# ðŸ§± DCGAN - Bricks Data

This notebook is an **unofficial PyTorch implementation** of the excellent [Keras example](https://github.com/davidADSP/Generative_Deep_Learning_2nd_Edition/blob/main/notebooks/04_gan/01_dcgan/dcgan.ipynb) for Deep Convolutional GAN, originally created by David Foster as part of the companion code for the excellent book [Generative Deep Learning, 2nd Edition](https://www.oreilly.com/library/view/generative-deep-learning/9781098134174/).

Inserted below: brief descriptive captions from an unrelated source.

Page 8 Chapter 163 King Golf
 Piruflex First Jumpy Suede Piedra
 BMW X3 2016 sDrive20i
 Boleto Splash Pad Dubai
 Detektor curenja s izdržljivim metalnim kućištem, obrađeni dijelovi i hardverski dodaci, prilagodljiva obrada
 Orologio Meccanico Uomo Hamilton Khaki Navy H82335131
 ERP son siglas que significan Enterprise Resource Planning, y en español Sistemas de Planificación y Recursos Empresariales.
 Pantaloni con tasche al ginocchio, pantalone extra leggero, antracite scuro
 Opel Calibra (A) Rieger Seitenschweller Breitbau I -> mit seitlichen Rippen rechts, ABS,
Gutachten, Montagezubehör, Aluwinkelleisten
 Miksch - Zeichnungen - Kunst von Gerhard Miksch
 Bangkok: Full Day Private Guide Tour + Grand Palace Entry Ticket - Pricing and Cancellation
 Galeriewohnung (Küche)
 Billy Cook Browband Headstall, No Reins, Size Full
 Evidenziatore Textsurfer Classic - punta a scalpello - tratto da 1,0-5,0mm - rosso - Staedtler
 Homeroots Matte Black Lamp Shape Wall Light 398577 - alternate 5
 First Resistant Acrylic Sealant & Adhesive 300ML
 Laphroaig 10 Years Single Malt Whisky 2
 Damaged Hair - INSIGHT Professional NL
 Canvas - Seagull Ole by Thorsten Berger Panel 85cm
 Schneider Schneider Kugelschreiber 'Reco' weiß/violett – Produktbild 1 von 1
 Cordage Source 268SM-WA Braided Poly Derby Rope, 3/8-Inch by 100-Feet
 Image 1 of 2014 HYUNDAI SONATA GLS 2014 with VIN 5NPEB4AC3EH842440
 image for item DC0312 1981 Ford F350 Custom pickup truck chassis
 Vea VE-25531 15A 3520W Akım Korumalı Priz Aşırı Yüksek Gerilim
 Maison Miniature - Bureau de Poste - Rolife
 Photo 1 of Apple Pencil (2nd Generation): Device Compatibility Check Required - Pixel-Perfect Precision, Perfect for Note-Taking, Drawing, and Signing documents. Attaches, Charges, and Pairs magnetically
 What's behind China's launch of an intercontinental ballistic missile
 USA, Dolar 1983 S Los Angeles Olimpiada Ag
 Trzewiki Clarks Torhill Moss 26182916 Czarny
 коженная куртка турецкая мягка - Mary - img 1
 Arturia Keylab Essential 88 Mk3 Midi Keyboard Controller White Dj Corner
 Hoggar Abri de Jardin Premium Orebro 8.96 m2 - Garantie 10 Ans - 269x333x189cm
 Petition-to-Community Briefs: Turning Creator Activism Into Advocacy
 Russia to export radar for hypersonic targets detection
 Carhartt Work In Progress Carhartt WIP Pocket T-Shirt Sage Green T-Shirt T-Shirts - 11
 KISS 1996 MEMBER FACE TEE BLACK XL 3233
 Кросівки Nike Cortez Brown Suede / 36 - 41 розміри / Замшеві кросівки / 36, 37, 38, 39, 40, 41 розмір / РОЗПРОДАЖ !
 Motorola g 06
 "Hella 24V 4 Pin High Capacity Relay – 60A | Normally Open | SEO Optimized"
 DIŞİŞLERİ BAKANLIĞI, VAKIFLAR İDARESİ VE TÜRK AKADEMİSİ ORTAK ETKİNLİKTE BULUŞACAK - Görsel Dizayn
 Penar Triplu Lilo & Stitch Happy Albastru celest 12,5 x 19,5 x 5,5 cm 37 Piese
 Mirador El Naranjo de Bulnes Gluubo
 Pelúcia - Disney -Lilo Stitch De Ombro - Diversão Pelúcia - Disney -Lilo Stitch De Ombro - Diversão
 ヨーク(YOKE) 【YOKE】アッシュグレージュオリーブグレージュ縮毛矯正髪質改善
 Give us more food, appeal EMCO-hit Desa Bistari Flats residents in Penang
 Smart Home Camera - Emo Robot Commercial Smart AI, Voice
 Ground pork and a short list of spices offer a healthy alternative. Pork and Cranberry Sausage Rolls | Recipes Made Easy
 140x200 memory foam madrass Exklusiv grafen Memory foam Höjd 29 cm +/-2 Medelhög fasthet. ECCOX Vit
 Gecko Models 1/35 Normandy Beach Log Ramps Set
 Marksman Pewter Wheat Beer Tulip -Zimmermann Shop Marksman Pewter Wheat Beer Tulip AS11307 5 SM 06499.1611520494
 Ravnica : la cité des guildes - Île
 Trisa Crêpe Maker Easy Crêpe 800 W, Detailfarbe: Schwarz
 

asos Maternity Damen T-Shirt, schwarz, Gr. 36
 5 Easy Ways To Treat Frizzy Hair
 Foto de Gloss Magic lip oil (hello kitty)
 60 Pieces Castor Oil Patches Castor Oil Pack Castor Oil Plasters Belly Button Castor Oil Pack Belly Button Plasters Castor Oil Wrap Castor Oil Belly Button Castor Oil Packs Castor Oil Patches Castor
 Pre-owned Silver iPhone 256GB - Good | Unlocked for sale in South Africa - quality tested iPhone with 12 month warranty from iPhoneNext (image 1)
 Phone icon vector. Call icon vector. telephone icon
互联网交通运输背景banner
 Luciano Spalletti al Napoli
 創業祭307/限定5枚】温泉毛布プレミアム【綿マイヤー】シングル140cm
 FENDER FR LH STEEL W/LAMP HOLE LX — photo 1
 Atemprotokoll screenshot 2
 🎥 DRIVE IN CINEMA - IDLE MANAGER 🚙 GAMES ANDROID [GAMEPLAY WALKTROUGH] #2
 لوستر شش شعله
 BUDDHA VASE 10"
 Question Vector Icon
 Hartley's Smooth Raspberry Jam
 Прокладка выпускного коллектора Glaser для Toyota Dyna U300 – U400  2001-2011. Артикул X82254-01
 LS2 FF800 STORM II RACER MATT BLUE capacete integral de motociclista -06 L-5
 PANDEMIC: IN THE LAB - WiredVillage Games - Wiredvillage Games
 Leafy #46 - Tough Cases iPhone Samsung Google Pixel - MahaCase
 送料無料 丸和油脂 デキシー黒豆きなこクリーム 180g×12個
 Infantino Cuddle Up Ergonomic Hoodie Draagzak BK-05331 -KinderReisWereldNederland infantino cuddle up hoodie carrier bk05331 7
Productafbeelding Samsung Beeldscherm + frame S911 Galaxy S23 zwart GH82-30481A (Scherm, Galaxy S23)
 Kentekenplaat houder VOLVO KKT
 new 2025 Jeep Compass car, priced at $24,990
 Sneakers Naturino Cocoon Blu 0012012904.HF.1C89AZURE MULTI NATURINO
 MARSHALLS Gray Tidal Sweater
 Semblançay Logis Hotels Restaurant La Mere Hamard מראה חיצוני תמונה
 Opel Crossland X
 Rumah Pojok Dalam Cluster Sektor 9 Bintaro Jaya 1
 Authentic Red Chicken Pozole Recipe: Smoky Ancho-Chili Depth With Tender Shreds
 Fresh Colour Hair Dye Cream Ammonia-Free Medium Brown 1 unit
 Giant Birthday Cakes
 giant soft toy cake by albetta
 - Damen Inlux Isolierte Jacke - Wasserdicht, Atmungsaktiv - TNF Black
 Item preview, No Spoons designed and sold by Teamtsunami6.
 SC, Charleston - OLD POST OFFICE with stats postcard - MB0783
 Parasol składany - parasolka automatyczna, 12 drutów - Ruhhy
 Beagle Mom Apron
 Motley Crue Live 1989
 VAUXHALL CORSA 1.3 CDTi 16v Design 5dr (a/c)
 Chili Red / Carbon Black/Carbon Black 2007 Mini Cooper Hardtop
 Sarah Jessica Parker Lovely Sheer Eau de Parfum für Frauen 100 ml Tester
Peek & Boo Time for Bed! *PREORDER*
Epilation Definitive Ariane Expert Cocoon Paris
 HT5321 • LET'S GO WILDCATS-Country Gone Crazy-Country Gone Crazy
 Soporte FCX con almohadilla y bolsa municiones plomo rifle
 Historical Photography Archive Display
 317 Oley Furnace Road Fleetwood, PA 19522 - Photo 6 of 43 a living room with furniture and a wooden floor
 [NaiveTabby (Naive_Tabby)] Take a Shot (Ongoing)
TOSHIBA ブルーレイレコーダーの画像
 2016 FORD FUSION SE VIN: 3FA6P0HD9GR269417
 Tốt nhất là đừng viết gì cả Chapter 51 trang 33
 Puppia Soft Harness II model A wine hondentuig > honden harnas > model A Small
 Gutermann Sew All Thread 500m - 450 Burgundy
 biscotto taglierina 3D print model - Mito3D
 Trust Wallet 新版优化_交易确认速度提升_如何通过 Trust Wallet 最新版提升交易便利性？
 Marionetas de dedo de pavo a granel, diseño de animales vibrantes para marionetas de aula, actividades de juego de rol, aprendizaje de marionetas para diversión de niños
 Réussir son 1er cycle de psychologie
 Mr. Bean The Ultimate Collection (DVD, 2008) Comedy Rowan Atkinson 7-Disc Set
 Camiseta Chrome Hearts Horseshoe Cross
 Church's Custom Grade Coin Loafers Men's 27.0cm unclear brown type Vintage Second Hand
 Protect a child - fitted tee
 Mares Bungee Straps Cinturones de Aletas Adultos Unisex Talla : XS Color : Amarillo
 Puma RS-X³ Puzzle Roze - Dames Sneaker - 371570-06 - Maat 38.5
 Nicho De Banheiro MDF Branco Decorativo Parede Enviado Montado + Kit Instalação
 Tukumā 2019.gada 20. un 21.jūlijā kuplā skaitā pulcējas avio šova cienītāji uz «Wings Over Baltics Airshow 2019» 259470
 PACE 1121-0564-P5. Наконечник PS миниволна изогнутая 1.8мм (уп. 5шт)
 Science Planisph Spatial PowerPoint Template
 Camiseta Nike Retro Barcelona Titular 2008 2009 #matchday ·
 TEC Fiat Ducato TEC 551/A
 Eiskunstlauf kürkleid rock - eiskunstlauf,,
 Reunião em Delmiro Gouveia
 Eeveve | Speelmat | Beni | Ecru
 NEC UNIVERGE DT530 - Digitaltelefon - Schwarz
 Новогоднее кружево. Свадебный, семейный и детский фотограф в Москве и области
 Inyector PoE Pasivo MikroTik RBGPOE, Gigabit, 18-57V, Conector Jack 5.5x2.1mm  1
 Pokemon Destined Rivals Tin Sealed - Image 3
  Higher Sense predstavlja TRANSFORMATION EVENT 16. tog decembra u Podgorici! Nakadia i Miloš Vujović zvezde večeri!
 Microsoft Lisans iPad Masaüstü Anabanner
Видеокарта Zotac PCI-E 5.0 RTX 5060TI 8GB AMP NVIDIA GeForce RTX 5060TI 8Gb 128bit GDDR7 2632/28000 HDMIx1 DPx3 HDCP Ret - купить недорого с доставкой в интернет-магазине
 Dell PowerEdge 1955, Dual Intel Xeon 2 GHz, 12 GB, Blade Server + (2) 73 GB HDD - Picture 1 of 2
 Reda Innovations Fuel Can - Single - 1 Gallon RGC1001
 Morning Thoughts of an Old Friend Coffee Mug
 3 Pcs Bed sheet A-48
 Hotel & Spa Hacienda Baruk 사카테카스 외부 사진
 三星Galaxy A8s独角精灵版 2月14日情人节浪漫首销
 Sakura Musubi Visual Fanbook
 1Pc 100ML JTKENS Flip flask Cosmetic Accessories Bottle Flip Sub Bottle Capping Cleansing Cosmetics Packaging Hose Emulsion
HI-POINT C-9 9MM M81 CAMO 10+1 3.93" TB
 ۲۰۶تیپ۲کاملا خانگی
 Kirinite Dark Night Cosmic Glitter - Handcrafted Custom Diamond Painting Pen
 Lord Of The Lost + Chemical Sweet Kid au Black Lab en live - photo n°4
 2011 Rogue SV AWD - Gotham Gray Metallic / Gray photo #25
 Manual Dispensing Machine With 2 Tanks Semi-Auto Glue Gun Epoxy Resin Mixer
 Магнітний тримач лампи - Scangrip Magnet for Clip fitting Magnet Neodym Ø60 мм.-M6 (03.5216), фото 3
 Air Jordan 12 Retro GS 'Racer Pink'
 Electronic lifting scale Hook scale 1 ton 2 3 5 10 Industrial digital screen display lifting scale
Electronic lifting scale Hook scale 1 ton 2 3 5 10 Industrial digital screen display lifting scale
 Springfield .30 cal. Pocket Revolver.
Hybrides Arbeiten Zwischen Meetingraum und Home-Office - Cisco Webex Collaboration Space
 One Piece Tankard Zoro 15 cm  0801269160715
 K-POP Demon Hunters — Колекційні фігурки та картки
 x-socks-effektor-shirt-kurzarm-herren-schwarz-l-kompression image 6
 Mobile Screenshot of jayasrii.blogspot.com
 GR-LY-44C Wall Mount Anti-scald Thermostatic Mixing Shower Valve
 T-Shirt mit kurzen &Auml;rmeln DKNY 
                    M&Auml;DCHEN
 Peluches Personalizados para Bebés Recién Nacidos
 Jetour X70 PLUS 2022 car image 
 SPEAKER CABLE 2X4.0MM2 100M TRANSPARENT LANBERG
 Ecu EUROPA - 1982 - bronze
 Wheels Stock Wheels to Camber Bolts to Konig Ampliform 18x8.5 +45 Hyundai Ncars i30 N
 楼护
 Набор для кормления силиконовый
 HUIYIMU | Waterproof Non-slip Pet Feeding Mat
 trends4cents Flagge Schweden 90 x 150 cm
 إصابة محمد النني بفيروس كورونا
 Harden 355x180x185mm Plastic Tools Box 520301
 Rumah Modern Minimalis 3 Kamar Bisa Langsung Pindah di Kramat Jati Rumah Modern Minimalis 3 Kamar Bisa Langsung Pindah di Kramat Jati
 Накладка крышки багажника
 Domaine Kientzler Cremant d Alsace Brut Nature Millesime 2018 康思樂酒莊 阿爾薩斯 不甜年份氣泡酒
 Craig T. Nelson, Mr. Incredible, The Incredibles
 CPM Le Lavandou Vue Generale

_The original code is available [here](https://github.com/davidADSP/Generative_Deep_Learning_2nd_Edition) and is licensed under the Apache License 2.0._
_This implementation is distributed under the Apache License 2.0. See the LICENSE file for details._

In this notebook, we'll walk through the steps required to train your own DCGAN on the bricks dataset using PyTorch

In [None]:
%load_ext autoreload
%autoreload 2

import os

# Get the working directory and the current notebook directory
working_dir = os.getcwd()
exp_dir = os.path.join(working_dir, "notebooks/04_gan/01_dcgan/")

In [None]:
from torchvision import transforms, datasets
from torch.utils.data import DataLoader, Subset
from torch import nn
import torch.nn.functional as F
from torchinfo import summary
from torch import optim
import torch
from torch.utils.tensorboard import SummaryWriter
from matplotlib import pyplot as plt

from notebooks.utils import display

import math

In [None]:
IMAGE_SIZE = 64
CHANNELS = 1
BATCH_SIZE = 128
Z_DIM = 100
EPOCHS = 300
LOAD_MODEL = False
ADAM_BETA_1 = 0.5
ADAM_BETA_2 = 0.999
LEARNING_RATE = 0.0002
NOISE_PARAM = 0.1

## 1. Prepare the data <a name="prepare"></a>

In [None]:
data_dir = working_dir + "/data"
dataset_dir = data_dir + "/lego-brick-images"

In [None]:
transform = transforms.Compose([
    transforms.Resize((IMAGE_SIZE, IMAGE_SIZE)),
    transforms.Grayscale(1),
    transforms.ToTensor(),
    transforms.Normalize(mean=0.5, std=0.5)
])

full_data = datasets.ImageFolder(dataset_dir, transform=transform)


In [None]:
print("full dataset size = ", len(full_data))
print("full dataset labels = ", full_data.classes)

In [None]:
# we want to use the data in the dataset folder only
required_class = "dataset"
req_class_idx = full_data.class_to_idx[required_class]
req_idxs = [i for i, (_, label) in enumerate(full_data) if label==req_class_idx]
print("size of required indces = ", len(req_idxs))


In [None]:
train_data = Subset(full_data, req_idxs)
print("size of training dataset = ", len(train_data))

In [None]:
# Create a dataset
train_data_loader = DataLoader(train_data, batch_size=BATCH_SIZE, shuffle=True, num_workers=2)

In [None]:
train_iter = iter(train_data_loader)
sample_images, _ = next(train_iter)

In [None]:
display(sample_images)

## 2. Build the GAN <a name="build"></a>

In [None]:
class Discriminator(nn.Module):
    def __init__(self, channels, image_size):
        super().__init__()
        self.channels = channels
        self.image_size = image_size

        self.dropout = nn.Dropout(0.3)
        
        # layer group 1
        p = self._get_padding_size(input_w=self.image_size, stride=2, kernal_size=4)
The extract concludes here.